The Mandchurian Candidate, film plus connu, était déjà un très bel exemple d’une modernité bien américaine, Seconds poursuit la déconstruction en inscrivant une virtuosité formelle dans des thématiques chères à ce cinéma du nouvel Hollywood alors en train de naître, à savoir la paranoïa, le complot et la perte de repères dans un monde de plus en plus opaque.
Attaquer le regard, c’est bien le programme de Seconds. Attaquer le regard du spectateur en instaurant ce pacte aberrant, faisant se transformer un vieux John Randolph insignifiant en une jeune star séduisante : Rock Hudson, et donc attaquer le regard du personnage sur lui-même. Premier coup de poing qu’il faut encaisser pour que le film puisse continuer. La deuxième attaque vient de la forme : la première séquence, moment paranoïaque anthologique, impose à la narration une représentation tordue, des cadrages impossibles, rendant toute transparence impossible, tant la pression faite sur le récit est forte.

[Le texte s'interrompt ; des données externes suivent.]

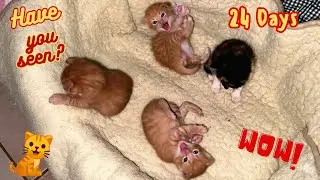 САМАЯ ЧИСТАЯ ЛЮБОВЬ! Самый трогательный момент: кошка-мама растопила сердца своих котят (ТАК МИЛО)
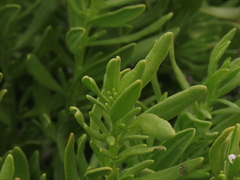 Heliotropium floridum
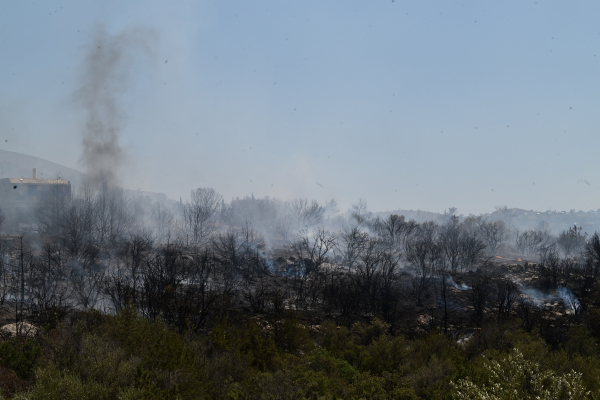 Σε ύφεση η φωτιά στην Πολυτεχνειούπολη - Εικόνες και βίντεο από τη μάχη με τις φλόγες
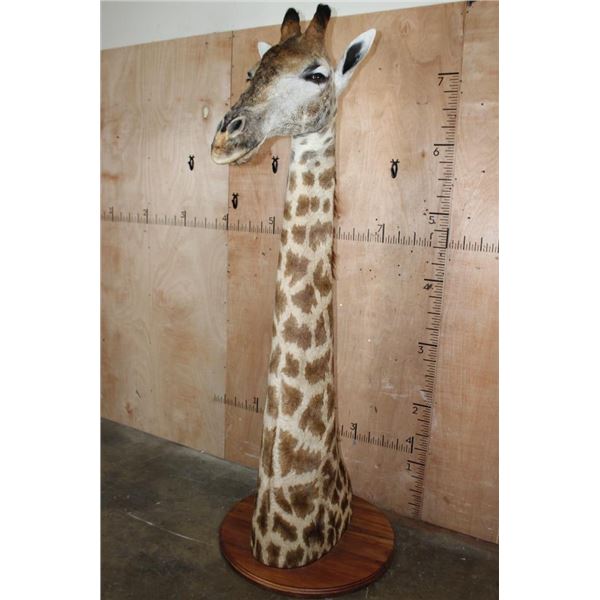 GIRAFFE Pedestal Mount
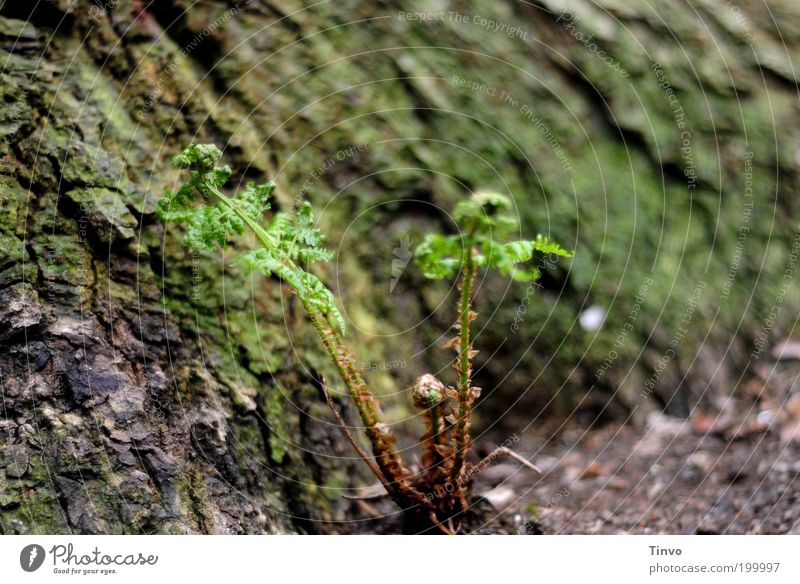 Standort Natur Frühling Farn grün Wachstum Baumstamm Baumrinde Pflanze Schutz Waldboden feucht feuchtkalt Trieb Farbfoto Außenaufnahme Menschenleer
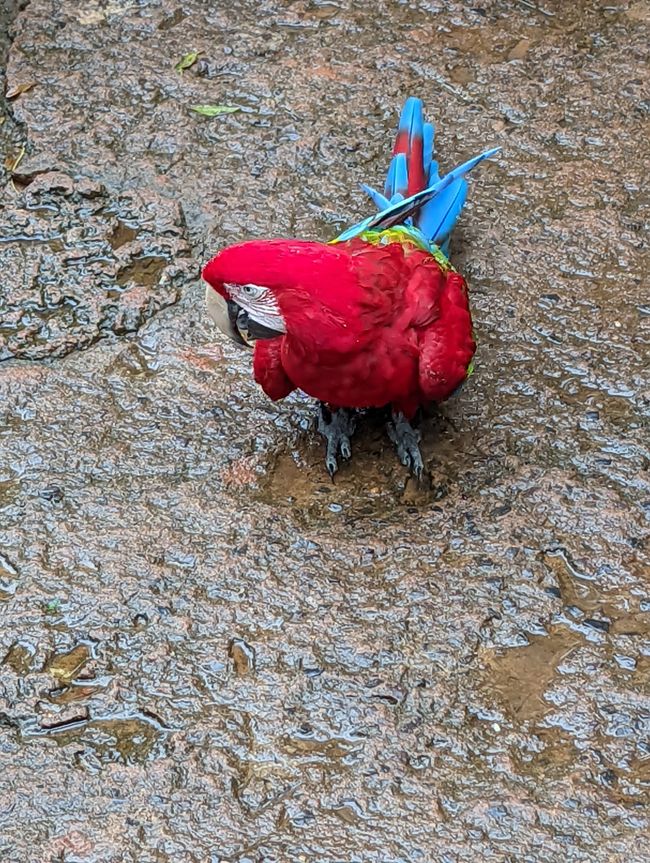 07.06.2022 - Vogelpark und Wasserfälle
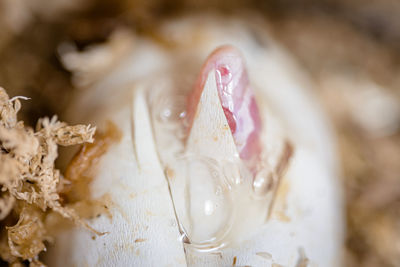 High angle view of white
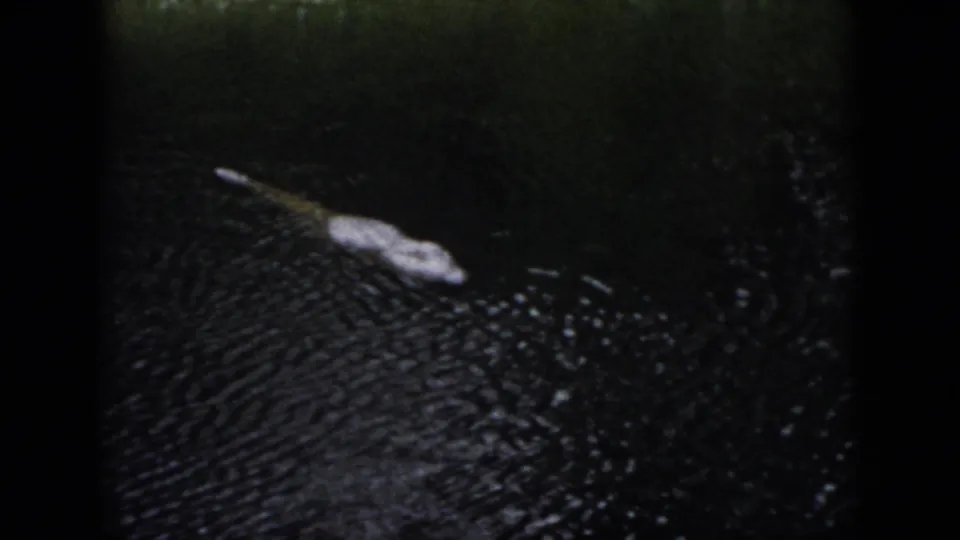 1958 Dayton 8mm frame showing a crocodilian form partly above dark water, with its snout and back visible through grain and soft focus.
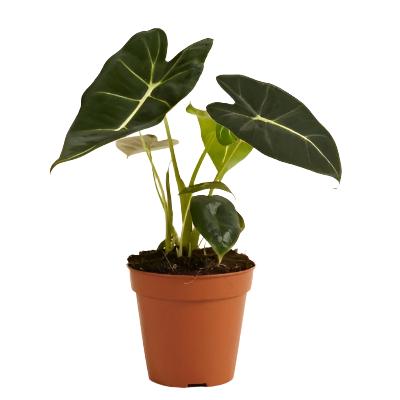 Alocasia	Frydek - x 8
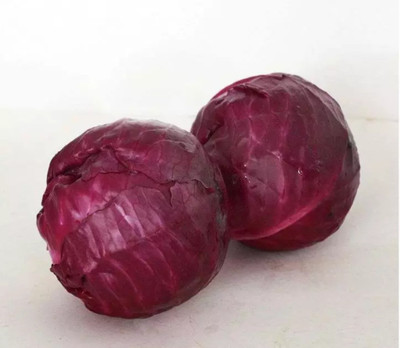 XOLDA Cabbage red Seed(50 per packet)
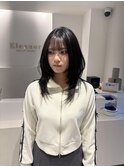 ハッシュカット/レイヤーカット/髪質改善カラー/艶髪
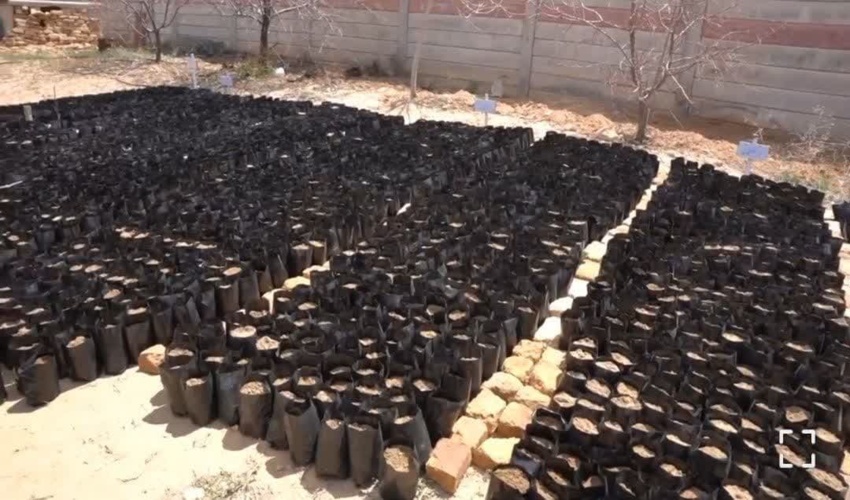 نخستین نهالستان سازمان هلال احمر کشور در شهرستان الیگودرز:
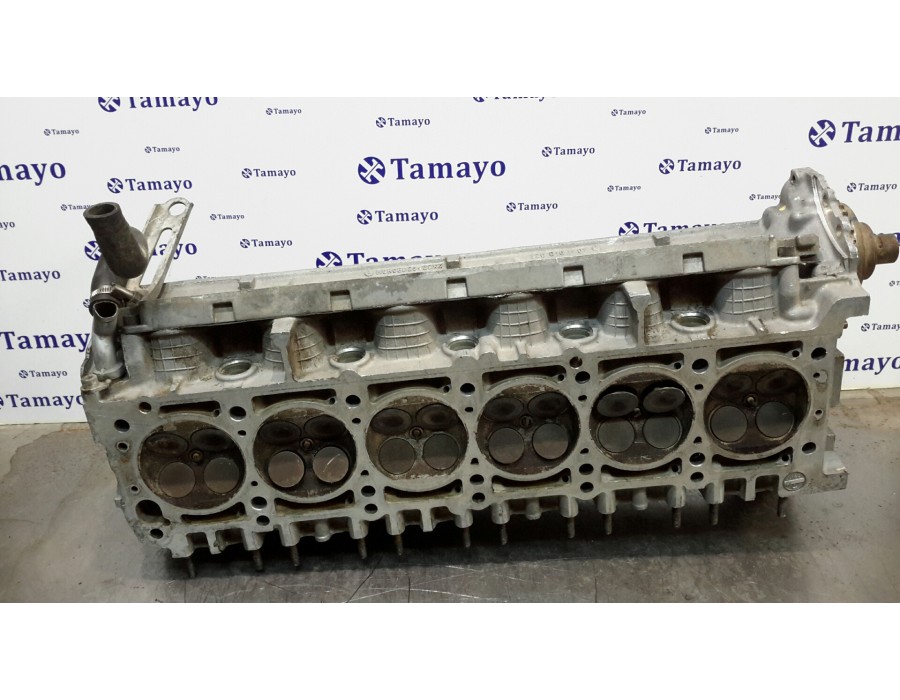 Recambio de culata para mercedes-benz clase s (w140) berlina 6.0 v12 48v cat referencia OEM IAM 1200161101  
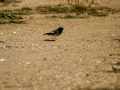 Colirrojo tizón - Phoenicurus ochruros - Cotxa fumada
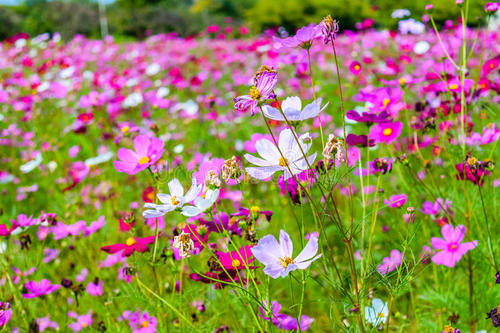 描述春天的花朵和植物的陈述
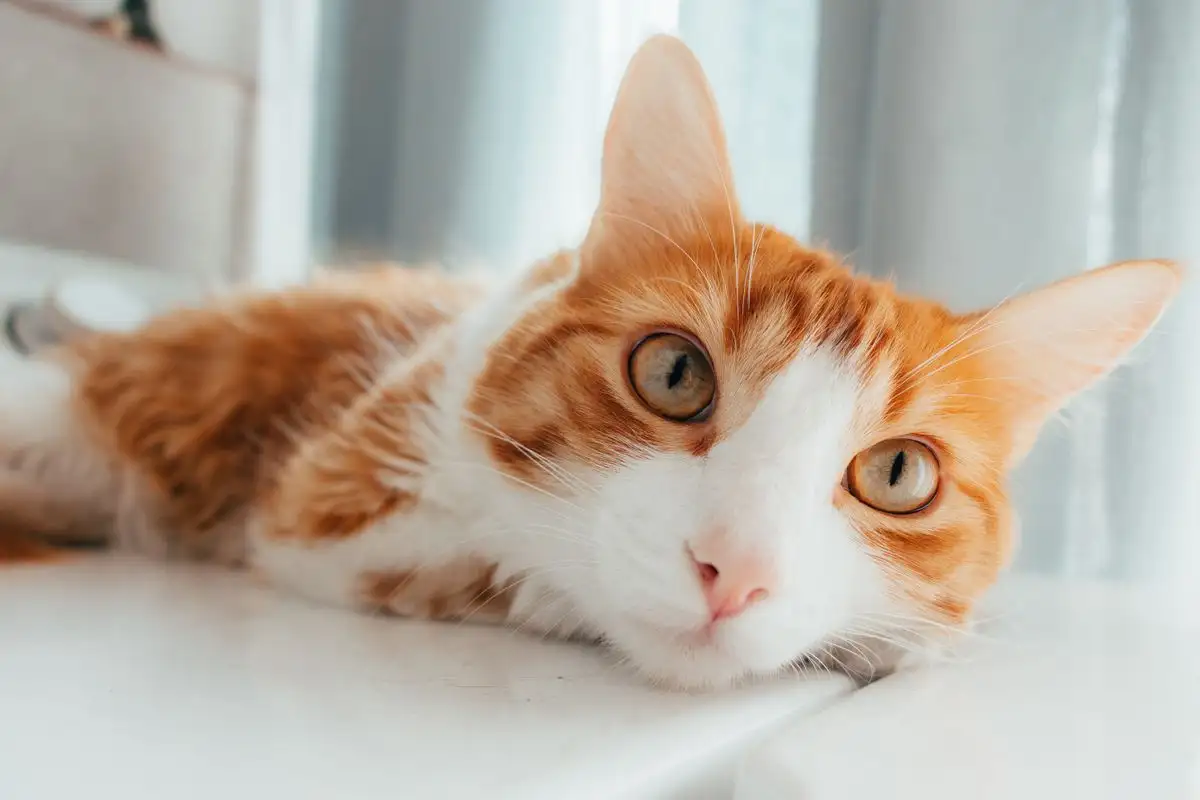 Kapan Litter Box Perlu Dicuci Menyeluruh Setiap Minggu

Cette première scène à la gare nous indique une première chose, nous ne sommes plus amenés à regarder ce lieu comme n’importe quel autre, comme avec un regard routinier et cet homme n’est pas un simple personnage lançant le film dans sa narration. Il est le support d’un œil distordu, celui du générique de Saul Bass, qui se déforme jusqu’à l’abstraction. La mise en scène trahit le réel alors anodin, une gare, un homme, un train, tout cela est observé par un regard nouveau. Si l’œil coupé en deux de Bunuel faisait table rase, cet œil-ci se décale légèrement, décadre le visage, enfle l’espace… La réalité est inquiète.
Et le film continue de plonger, d’emmener son personnage d’incompréhensions en incompréhensions, l’abasourdit jusqu’à changer son visage et à faire accepter l’inacceptable au spectateur, l’œil devient fou.
Seconds oscille en permanence entre une extériorité, un au dessus du personnage dans lequel il serait emprisonné : un postulat aberrant, des séquences hallucinantes et hallucinatoires (la bacchanale…), un réel qui s’enfuit pour se faire constamment remplacer par de l’impossible, du visuel, de l’abstrait. Et une intériorité, donnant son humanité au personnage, qui se demande lui même dans quelle réalité il se trouve et par quoi sont dictés ses choix.
La vision de Rock Hudson, filmée en plan fixe, peignant tranquillement dans son salon, est peut être l’une des images les plus éloignées de celles de la séquence de la gare, dans laquelle il n’était que John Randolph, filmé en caméra embarquée, gros plan partiel du visage, images expérimentales faisant le grand écart avec la tentative de faire revenir un peu d’humanité dans le film et son fonctionnement formel et narratif. Reste à savoir jusqu’où cela peut aller, en 1966, chez Frankenheimer.